De nombreuses dispositions légales régissent l'exercice de cette tutelle qui fut limitée à certaines époques, élargie à d'autres. Ce qui échappe souvent, c'est que l'activité provinciale dépasse de loin cette mission.
Même un Pirenne s'y est trompé quand il parle de l'étroitesse initiale du rôle dévolu aux provinces par la loi.

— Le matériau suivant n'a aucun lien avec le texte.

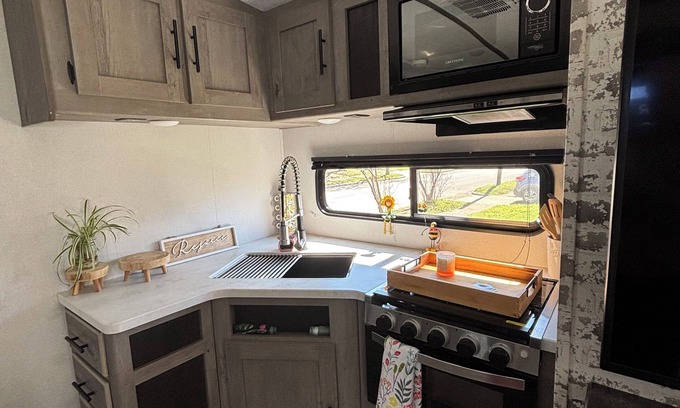 Dallas House | Cozy RV in Serene Dallas with ACnwith a private room and 2 bunk beds plus one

En réalité, aucune limite n 'est imposée par la loi à la décentralisation de la vie publique par voie de délégation de pouvoirs aux provinces. Ni la constitution, ni la loi provinciale ne définissent les matières d'intérêt provincial. Mais des lois particulières confient aux conseils provinciaux nombre d'attributions en divers domaines: élection des sénateurs provinciaux; présentation de candidats à certaines nominations de l'ordre judiciaire; intervention dans les changements proposés aux limites des provinces, arrondissements, districts électoraux, cantons et communes et pour la désignation des chefs-lieux; établissement d'ordonnances de police; intervention en matière d'exécution de travaux intéressant plusieurs communes et pour la fixation de la part incombant à chacune d'elles, etc.

Mais, au-delà de la tutelle sur les autorités locales et des tâches administratives qui leur sont déléguées, les provinces se sont taillé d'initiative au cours du temps, un champ d'action propre, diversifié de l'une à l'autre suivant les besoins à satisfaire les moyens d'action à leur disposition.

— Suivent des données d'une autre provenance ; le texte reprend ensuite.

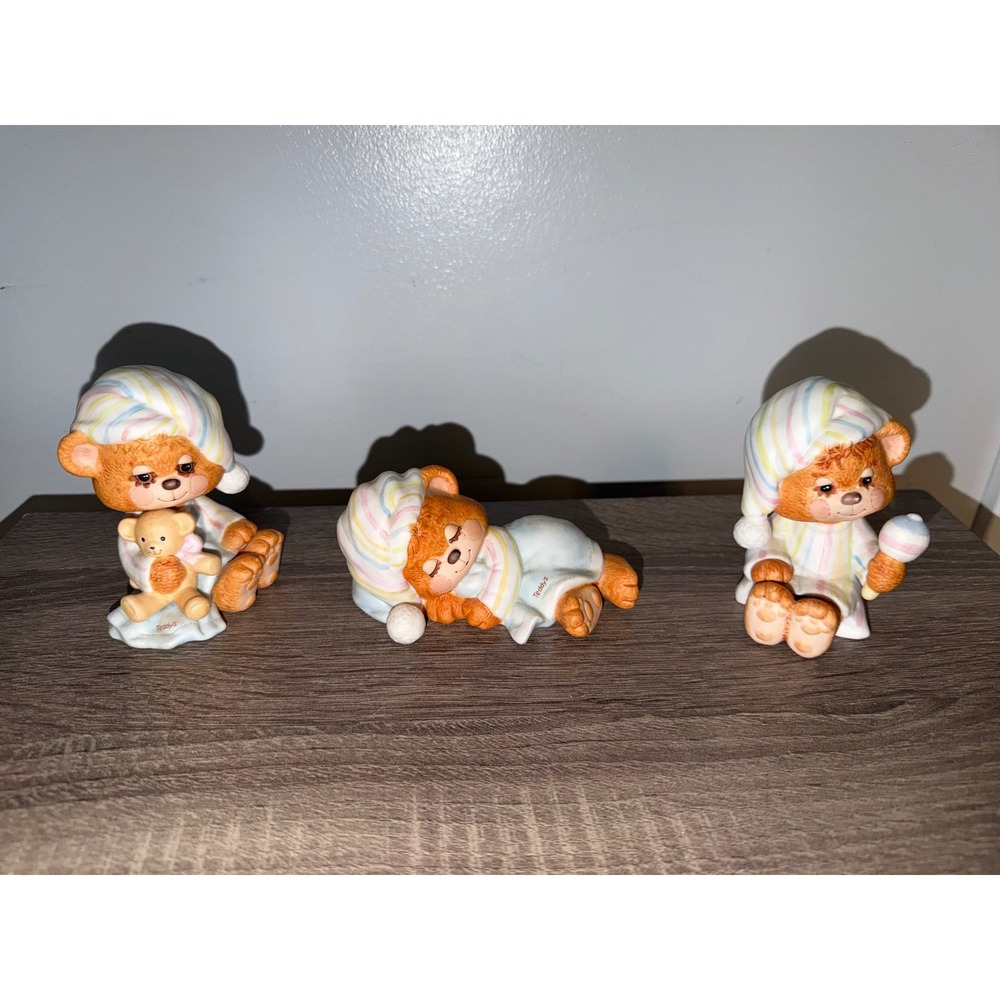 Vintage 1982 Teddy Beddy Bear Enesco Porcelain Figurine Set of 3 Pastel Nursery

Chacune a ses secteurs privilégiés auxquels elle s'est intéressée en fonction des nécessités spécifiques de chaque région. Certaines provinces s'attachent à encourager les initiatives privées de tout genre par l'octroi de facilités et de subsides; d'autres poursuivent des activités diverses soit en les confiant directement à leurs propres services, soit en recourant à la création d'établissements publics, voire privés. Tout au long du XIXe siècle, poursuivant l'action commencée déjà sous l'Ancien Régime, les provinces veillèrent à la construction et à l'entretien de la grande voirie. Suppléant aux carences d'un pouvoir central, peu enclin aux interventions sociales, les provinces s'efforcèrent d'améliorer les conditions de vie des plus misérables.

N'ayant pas reçu du législateur d'attributions propres en matière d'enseignement, elles s'emploieront à encourager celui des communes et organiseront l'enseignement des handicapés. Plus tard, elles suppléeront...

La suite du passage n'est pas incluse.